The troubled Tronc media company agreed Sunday evening to recognize unions to represent journalists in negotiations at its Chicago-area publications, including its iconic Chicago Tribune, heading off a looming confrontation involving federal regulators, NPR has learned.
It is a notable reversal for Tronc, historically known in various corporate iterations for its hostility to organized labor.
Tronc struck a conciliatory tone in a statement to NPR Sunday night, saying that it looked forward to productive conversations with union representatives.
“As we move ahead, we need to be united as one organization with an important purpose — to help the company transform and thrive as a business, and to serve our readers world class journalism,” the statement read.
This is the second time in four months that a major Tronc newsroom has successfully gone the union route.
In January, Tronc was badly defeated in a federally overseen labor vote at its dominant paper, The Los Angeles Times, despite a concerted management campaign to thwart the unionizing effort.
Both the Chicago and Los Angeles papers have anti-union editorial traditions stretching back more than a century. Now, both will have unions.
Just weeks after the overwhelming vote, Tronc struck a deal to sell the LA Times to one of the parent company’s largest shareholders, Patrick Soon-Shiong. That deal has not closed, though it was expected to do so by late April.
Labor organizers said Tronc has agreed to recognize three bargaining units within the same Chicago union: one for the Chicago Tribune and the entertainment-oriented tabloid RedEye; a second for the company’s suburban publications and the Spanish-language Chicago newspaper Hoy; and a third for the growing corporate-based design and print center that has centralized many editorial production functions for Tronc’s publications in Chicago and beyond.
The first two union chapters, representing workers at the larger publications and the smaller suburban ones, will engage in joint bargaining with the company.
“It’s long past time that the journalists at the Tribune and its community publications have a say in how our newspaper operates,” said Charles J. Johnson, a Tribune homepage editor who is one of the core organizers of the Chicago Newspaper Guild chapter. “We have been badly mistreated by a series of corporate owners, Tronc only being the most recent, and we’ve decided to take some control over the future of our journalism in the city of Chicago.”
In Chicago, organizers said they had collected signed union cards from more than 85 percent of the more than 280 journalists they sought to represent.
Tronc leadership and the top executive at the Tribune, Bruce Dold, had initially rejected the organizers’ appeal for a voluntarily recognition while saying they shared common goals. “We believe in transparency, open dialogue and fairness.
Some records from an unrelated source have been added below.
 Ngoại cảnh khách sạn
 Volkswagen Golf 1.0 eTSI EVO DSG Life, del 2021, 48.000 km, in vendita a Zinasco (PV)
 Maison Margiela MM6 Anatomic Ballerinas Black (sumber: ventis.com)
That’s who we are as journalists and what guides the Tribune,” Dold wrote last month.
The reversal of fortunes in Chicago is likely to embolden newsroom employees at other Tronc papers, such as the company’s publications in Hartford, Conn.; Orlando, Fla.; and South Florida. The Baltimore Sun newsroom is already unionized.
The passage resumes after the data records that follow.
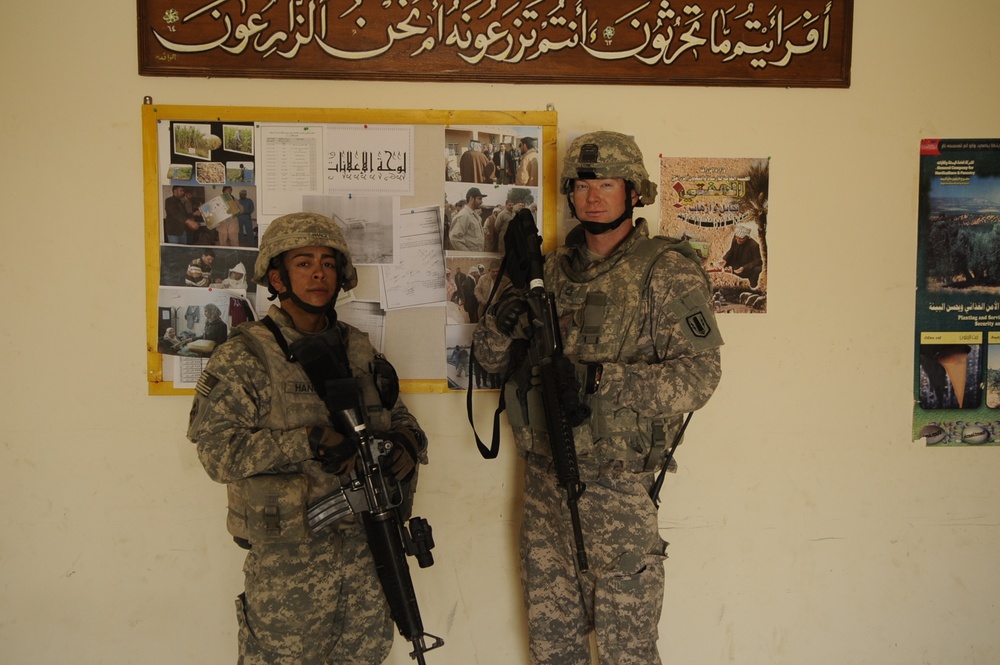 Soldiers meet with Iraqi tomato growers association Soldiers meet with Iraqi tomato growers association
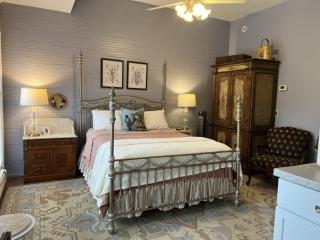 Historic Hutch House - 8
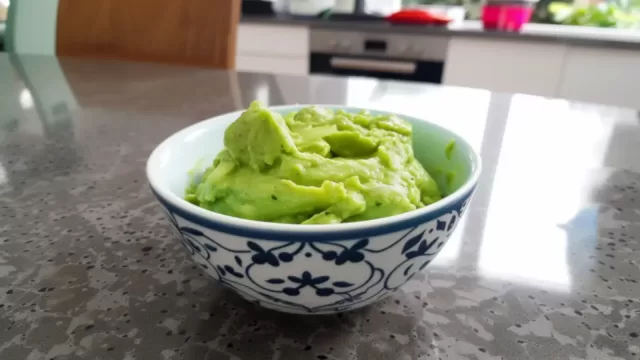 קערת גווקאמולי ביתי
The Chicago organizers cited concerns about noncompetitive pay compared with peers in the industry; fairness in compensation for women and journalists of color; and Tronc’s commitment to journalism.
Those questions have been echoed at other newspapers of late, particularly those owned by the Alden Global Capital. The editorial page editor of the Boulder Daily Camera was fired for posting an essay critical of the paper’s corporate ownership, and the editorial page editor of The Denver Post resigned last week after the paper killed a second editorial he wrote excoriating Alden Global.
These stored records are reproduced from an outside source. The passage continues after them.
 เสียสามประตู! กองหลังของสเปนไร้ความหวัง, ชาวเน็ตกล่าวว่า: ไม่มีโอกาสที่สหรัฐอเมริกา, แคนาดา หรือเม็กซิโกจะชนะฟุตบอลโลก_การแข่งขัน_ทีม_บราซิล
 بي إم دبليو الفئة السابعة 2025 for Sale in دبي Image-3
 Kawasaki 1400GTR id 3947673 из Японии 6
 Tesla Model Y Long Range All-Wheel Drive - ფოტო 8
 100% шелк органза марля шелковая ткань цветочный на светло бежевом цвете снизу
Former Tronc chairman and controlling owner Michael Ferro resigned in March and agreed to sell his entire stake in the company in April after facing accusations of sexual harassment from two female business associates. His stake was bought by a private investment company controlled by a relative of the late Col. Robert McCormick, the legendary leader of Tronc’s predecessor corporation, the Tribune Company. The company is now being circled by potential buyers, reportedly including Japan-based SoftBank.
The Tribune labor organizing effort not only drew inspiration from the Los Angeles efforts but also was fueled by a series of revelations about Tronc’s business performance and corporate decisions, including compensation of executives.
Tronc agreed to pay Ferro $5 million a year as a consulting fee even as he served as chairman of the board. The company’s CEO (and new chairman) Justin Dearborn, a longtime Ferro aide, was given a compensation package in excess of $8 million last year. The former CEO of the LA Times, Ross Levinsohn, was given $6.9 million in pay and compensation last year, despite starting in late August. Levinsohn was sidelined after NPR raised questions about his past workplace conduct but is now Tronc’s digital CEO.
“The people who do this work at the Tribune — and I think this is true generally, and especially at American newspapers — do this work because they believe in its importance, and because they believe it is essential to the functioning of a democratic society,” Johnson said. “This work is done as a labor of love. But as pay and benefits continue to erode, and as mistreatment by corporate ownership continues not only at Tronc but at other employers as well … people wonder if this is work they can continue to afford to do.”